Shelby Lee Adams | Appalachia Today

5 September - 5 October 2002

 

Exhibition Dates: September 5 - October 5, 2002

Opening reception for the artist: Saturday September 7, 2002, 2 - 5PM

 

Born in Hazard, Kentucky, Shelby Lee Adams has devoted 30 years of his life to visiting and making portraits of families living in backwoods Appalachia. Shelby’s photographs confront the viewer with representations of reality that do not avoid difficult subject matter as he continues to pursue his personal, expressive view of the human condition.

 

Using a large format camera to register details more clearly, the low-level lighting conditions required the use of artificial lighting to make adequate exposures.

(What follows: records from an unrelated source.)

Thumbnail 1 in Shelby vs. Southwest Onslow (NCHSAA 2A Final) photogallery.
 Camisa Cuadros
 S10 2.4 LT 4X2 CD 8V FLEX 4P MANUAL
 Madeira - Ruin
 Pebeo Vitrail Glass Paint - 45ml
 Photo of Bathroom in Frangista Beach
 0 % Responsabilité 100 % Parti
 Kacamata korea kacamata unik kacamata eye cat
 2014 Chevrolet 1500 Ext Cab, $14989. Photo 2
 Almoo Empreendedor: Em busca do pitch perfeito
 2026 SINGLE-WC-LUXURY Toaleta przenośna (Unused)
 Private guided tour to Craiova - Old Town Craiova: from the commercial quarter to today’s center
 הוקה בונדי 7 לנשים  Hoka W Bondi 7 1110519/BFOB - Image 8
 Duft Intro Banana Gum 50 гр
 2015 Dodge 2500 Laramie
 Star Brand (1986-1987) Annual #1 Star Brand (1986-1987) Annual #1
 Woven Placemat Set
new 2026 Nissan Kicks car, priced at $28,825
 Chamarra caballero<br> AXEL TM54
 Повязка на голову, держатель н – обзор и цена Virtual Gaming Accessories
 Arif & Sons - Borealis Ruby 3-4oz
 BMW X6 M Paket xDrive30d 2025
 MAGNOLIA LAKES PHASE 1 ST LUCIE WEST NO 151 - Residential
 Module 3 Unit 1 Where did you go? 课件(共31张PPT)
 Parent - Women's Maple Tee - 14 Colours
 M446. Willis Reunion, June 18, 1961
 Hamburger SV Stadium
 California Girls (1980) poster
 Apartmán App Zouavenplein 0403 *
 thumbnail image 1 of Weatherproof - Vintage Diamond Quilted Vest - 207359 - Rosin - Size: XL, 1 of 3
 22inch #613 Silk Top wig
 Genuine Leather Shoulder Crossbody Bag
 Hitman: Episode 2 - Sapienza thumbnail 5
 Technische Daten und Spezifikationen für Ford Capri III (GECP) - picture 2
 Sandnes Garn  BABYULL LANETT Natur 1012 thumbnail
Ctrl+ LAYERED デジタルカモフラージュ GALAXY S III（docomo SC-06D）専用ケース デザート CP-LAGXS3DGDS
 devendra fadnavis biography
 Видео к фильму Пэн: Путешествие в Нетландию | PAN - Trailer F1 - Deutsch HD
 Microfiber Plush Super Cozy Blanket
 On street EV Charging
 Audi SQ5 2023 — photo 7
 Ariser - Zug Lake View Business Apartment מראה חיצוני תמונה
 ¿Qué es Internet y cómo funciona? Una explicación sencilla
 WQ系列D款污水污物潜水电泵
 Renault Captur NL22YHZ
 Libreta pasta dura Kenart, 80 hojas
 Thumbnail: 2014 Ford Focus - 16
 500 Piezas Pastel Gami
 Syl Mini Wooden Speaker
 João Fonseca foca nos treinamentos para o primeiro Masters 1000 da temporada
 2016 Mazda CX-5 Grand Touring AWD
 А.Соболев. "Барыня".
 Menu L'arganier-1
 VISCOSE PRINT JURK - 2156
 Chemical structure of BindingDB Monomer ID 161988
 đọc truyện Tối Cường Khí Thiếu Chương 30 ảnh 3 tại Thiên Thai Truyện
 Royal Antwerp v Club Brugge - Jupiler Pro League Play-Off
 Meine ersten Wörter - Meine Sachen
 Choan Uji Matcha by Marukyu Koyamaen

Over time, Shelby’s familiarity with his subjects as well as his desire to make a more honest statement beget the use of more complex lighting. His technical capabilities in lighting and printing combine to create black and white photographs that are both majestic and haunting.

 

Those familiar with Shelby’s work will see a change of appearance in today's Appalachia. Although initially his subjects followed a more traditional way of life, most of his earliest subjects have either passed away or find it no longer possible or imaginable to live as subsistence farmers and hunters. Their day-to-day existence is more closely connected to the outside world, and evidence of certain trappings, symbolic of a successful North American life, has entered into the frames of his photographs. While Appalachia is still a distinct culture that Shelby hopes to give a sense of, gone are the hand-made homes using newspaper for wallpaper only to be replaced by pre-fab aluminum trailers connected to the outside world via satellite dishes.

 

This exhibition, our third exhibit of Shelby's work, will coincide with the world premiere of a feature-length documentary, The True Meaning of Pictures: Shelby Lee Adams' Appalachia, by Canadian filmmakers Jennifer Baichwal and Nick de Pencier of Mercury Films (416) 955-9835. The film, which plays at the Toronto International Film Festival September 7 & 8, focuses on the controversy Adams' work generates and spends time with a number of his most significant subjects. The cast includes A.D. Coleman, the Napier Family, Mary Ellen Mark, the Childers family, Vicki Goldberg, Rachel Riddle, Wendy Ewald, Hort Collins and Dwight Billings.